# Brody's labs and vaccination titer results ...



## Brodysmom (Jan 8, 2009)

I had Brody into the vet for his annual exam, heartworm test, bloodwork, and vaccination titers. His exam was great - his knees are firmly seated with no sign of luxation which was a relief. LP is such a problem in our breed. Teeth are excellent, good body condition, etc. I had a complete blood panel drawn, including thyroid. All blood values came back within normal range. Kidneys (BUN and creatinine), liver enzymes, electrolytes (potassium, calcium, mag, etc) as well as hemoglobin and T4 (thyroid). The vet said he was the picture of health.  But what I was most interested in was his antibodies. 

I had titers drawn to check immune response to parvo, distemper, and rabies (which takes longer and is pending).
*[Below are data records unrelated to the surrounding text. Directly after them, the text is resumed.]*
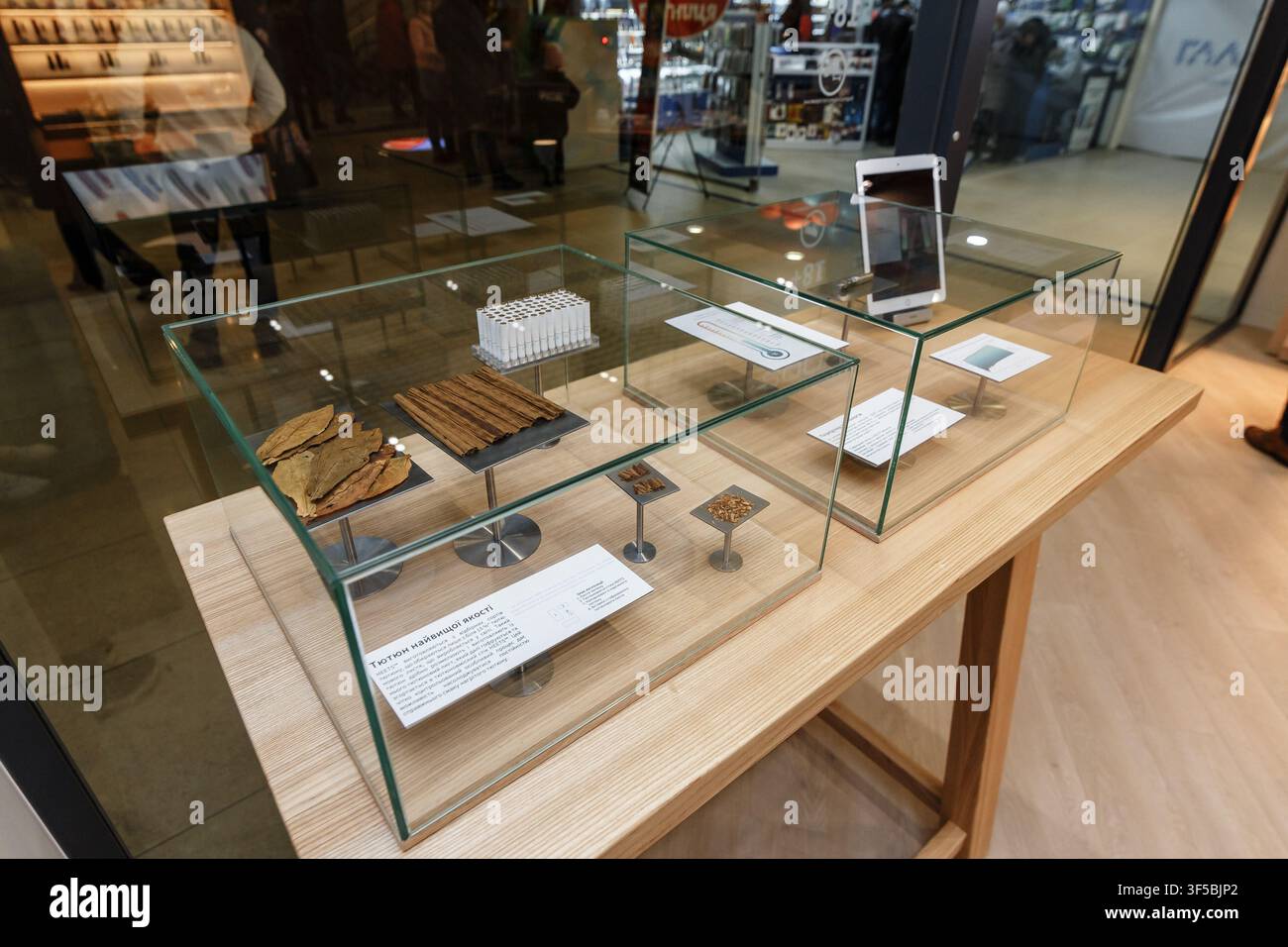 Kremenchuk, Ukraine - 29 novembre 2019 : Vitrine dans un magasin de cigarettes électroniques IQOS Banque D'Images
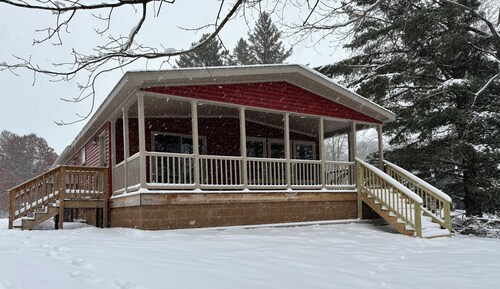 3bdr cabin in Amery on the Apple River Flowage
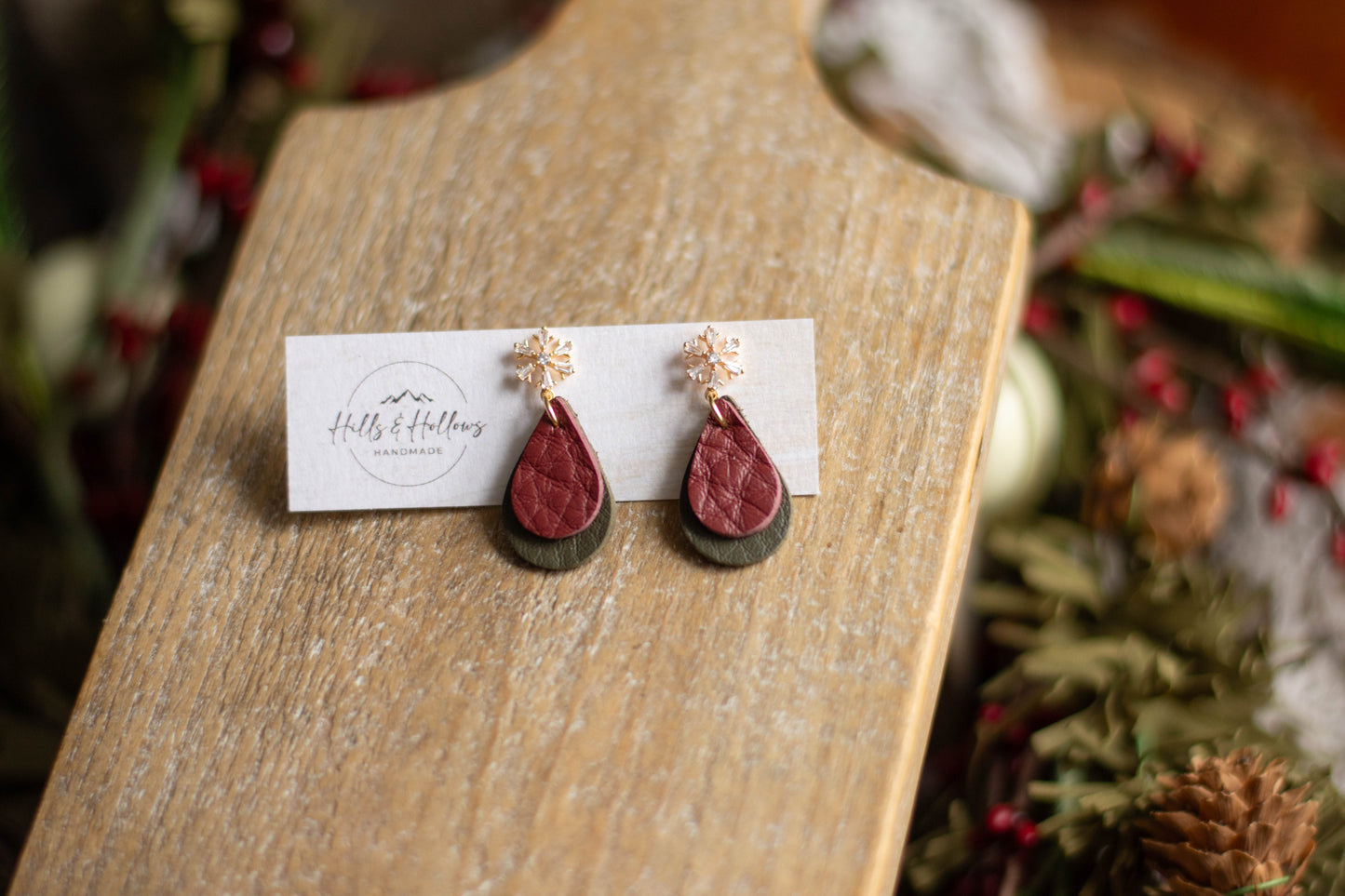 Mini Teardrop | Burgundy + Olive Snowflake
The parvo and distemper titers showed adequate response to vaccination, so I was thrilled to see those results. 

Brody was vaccinated as a puppy at 10 weeks, 13 weeks, and 16 weeks. He had the rabies vaccine at 6 months. He has not had any vaccinations since and he is 2 1/2 years old. He will likely not be vaccinated again in his lifetime. The vet gave us a waiver for the rabies vaccine so we are in compliance with local and state laws. 

I may titer again in a year or so but there is no reason to believe that vaccinations do not last for the life of the dog. Duration of immunity studies are proving that to be true. 

Some good links in case of anyone is interested in titering and vaccination/immunology info:

TITER TEST

Age and long-term protective immunity in dogs and ... [J Comp Pathol. 2010] - PubMed result

Science of Vaccine Damage

Here's a copy of his titer results and a picture. Just because he's a good boy.


----------



## Yoshismom (Jul 6, 2005)

Great news!


----------



## KayC (May 3, 2005)

Tracy, that is great. I am sure his raw diet plays a big part in his perfect health and teeth. I havent had Zoey vaccinated since her rabbies (I waited until she was 1 year) either. I hope I don't have to.


----------



## Adrienne (Apr 3, 2009)

Yay!!! Good Job Brody on your perfect health!


----------



## Natti (Jun 24, 2010)

Excellent results!!


----------



## widogmom (Mar 23, 2011)

My vet agrees with you about the vaccines - we have stopped vaccinating Kali since her immune-mediated thrombocytopenia, and have a waiver letter as well. I have been skeptical of the vaccine schedule since I found out that the one-year rabies and the three-year rabies are virtually identical (except for the price, of course).


----------



## Brodysmom (Jan 8, 2009)

widogmom said:


> My vet agrees with you about the vaccines - we have stopped vaccinating Kali since her immune-mediated thrombocytopenia, and have a waiver letter as well. I have been skeptical of the vaccine schedule since I found out that the one-year rabies and the three-year rabies are virtually identical (except for the price, of course).


Awesome that you have a forward-thinking vet! Many aren't. Vaccines are a huge money maker for vets. 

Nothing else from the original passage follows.